Friday, March 07, 2008

Through The Looking Glass

President Pinhead chastised most other countries Friday for "a sad and curious pattern" of doing little to speak out against human rights and political abuses in Cuba. "Unfortunately, the list of countries supporting the Cuban people is far too short and the democracies absent from that list are far too notable."
On Wednesday, the Democratic-led Senate voted fifty-one to forty-five in favor of a bill calling for the Central Intelligence Agency to adopt the US Army Field Manual, which forbids waterboarding and other types of coercive interrogation methods. On Thursday Pinhead said he plans to veto legislation passed by the Senate to bar the CIA from using harsh interrogation methods including waterboarding.
Anybody see a trend emerging here? No? That may be because it's been a while since you read any Jonathan Swift or Lewis Carroll. How does this man keep his head from spinning off of his neck when he keeps talking out of both sides of his mouth like that? "The president does not favor torture. The president favors making sure we do all these programs within the law," White House spokeswoman Dana Perino said, adding that "all the interrogations that have taken place in this country have been done in a legal way."

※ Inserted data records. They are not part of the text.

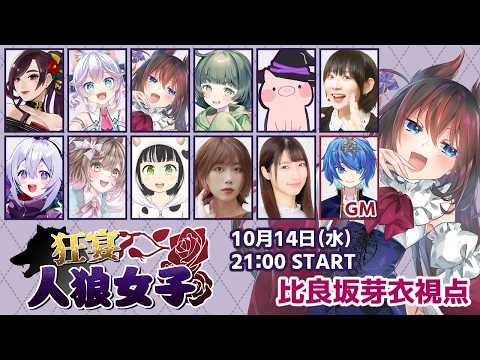 比良坂芽衣 /Mei Hirasaka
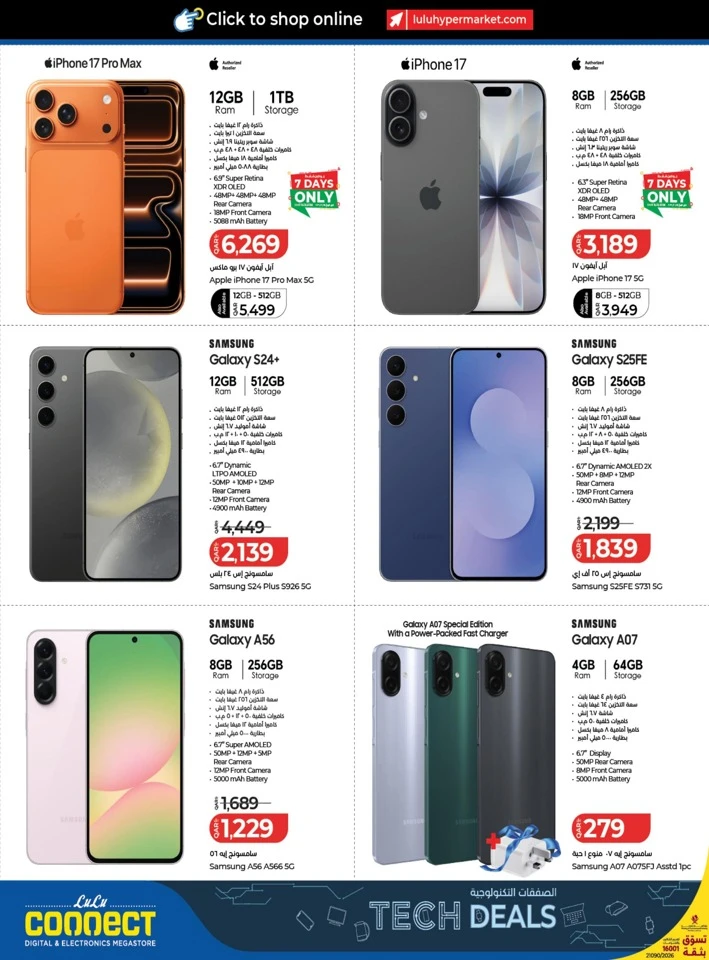  عروض لولو  من 09 إلى 23 فبراير 2026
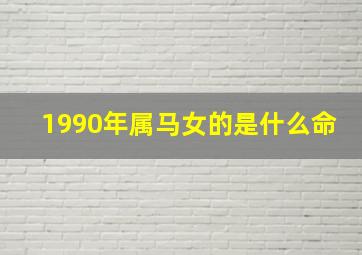 1990年属马女的是什么命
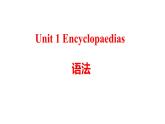 Unit+1+Encyclopaedias语法+课件－2023－2024学年牛津深圳版英语八年级上册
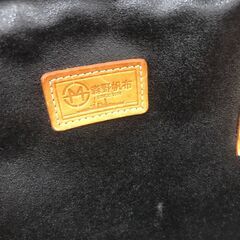 トートバッグ　黒　森野帆布　【ジャングルジャングル広陵】の画像
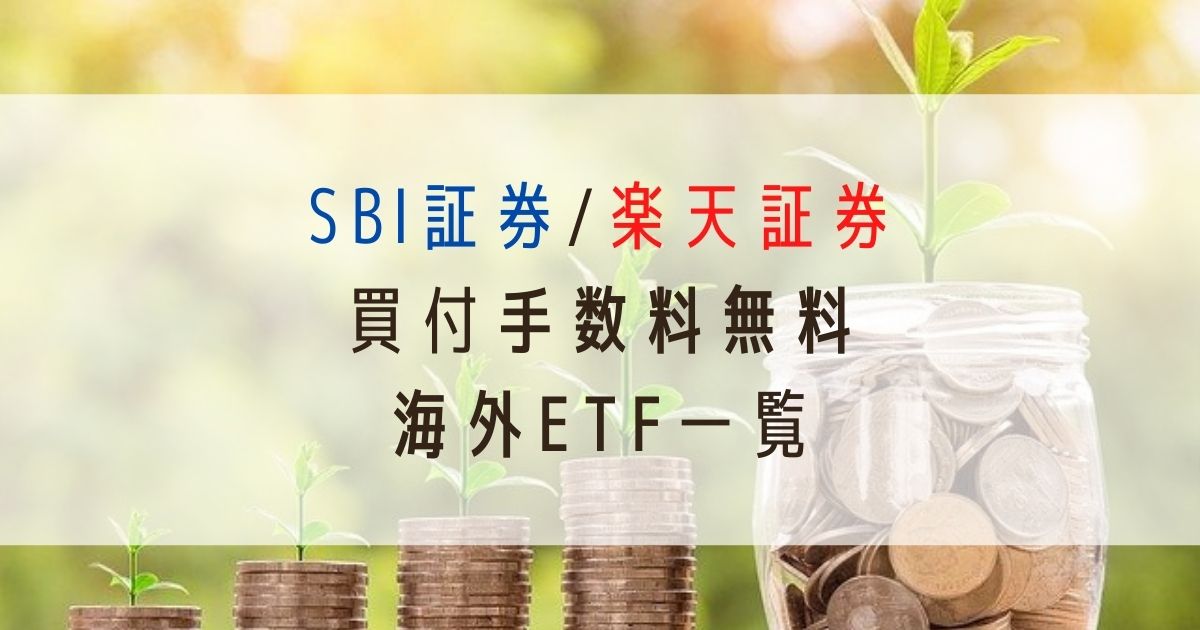 SBI証券-楽天証券-買付手数料無料の海外ETF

Evoking the struggles of pro-democracy protesters Miguel Sigler Amaya and his wife, Josefa Lopez Pena, Pinhead said, "For Miguel and Josefa, the horrors of life in Cuba are behind them, but millions of others are still trapped in the tropical gulag. Yet most of the world says nothing."
How's your geography? What island nation is the home of the Guantanamo Bay detention camp? If you guessed Cuba and not Australia, take a pair of electrodes and move ahead two squares. Of the roughly three hundred and fifty detainees still incarcerated there, U.S. officials said they intend to eventually put sixty to eighty on trial and free the rest. On February 9, 2008, it was reported that six of the detainees at the Guantanamo Bay facility would be prosecuted for conspiracy in the 9/11 terrorist attacks. That leaves a whole bunch of people in "a tropical gulag" that much of the rest of the world have closed. The Pinhead administration has declared that the Third Geneva Convention does not apply to al-Qaeda or Taliban fighters, since the Geneva convention only applies to uniformed soldiers of a recognized government. That would be the way that we keep things "legal".
Please understand, I feel that the treatment of pro-democracy protesters in Cuba may be apples to our al-Qaeda oranges, but they are all endowed with certain inalienable rights, because apples or oranges, they're still human beings. Try that logic on for size, Pinhead.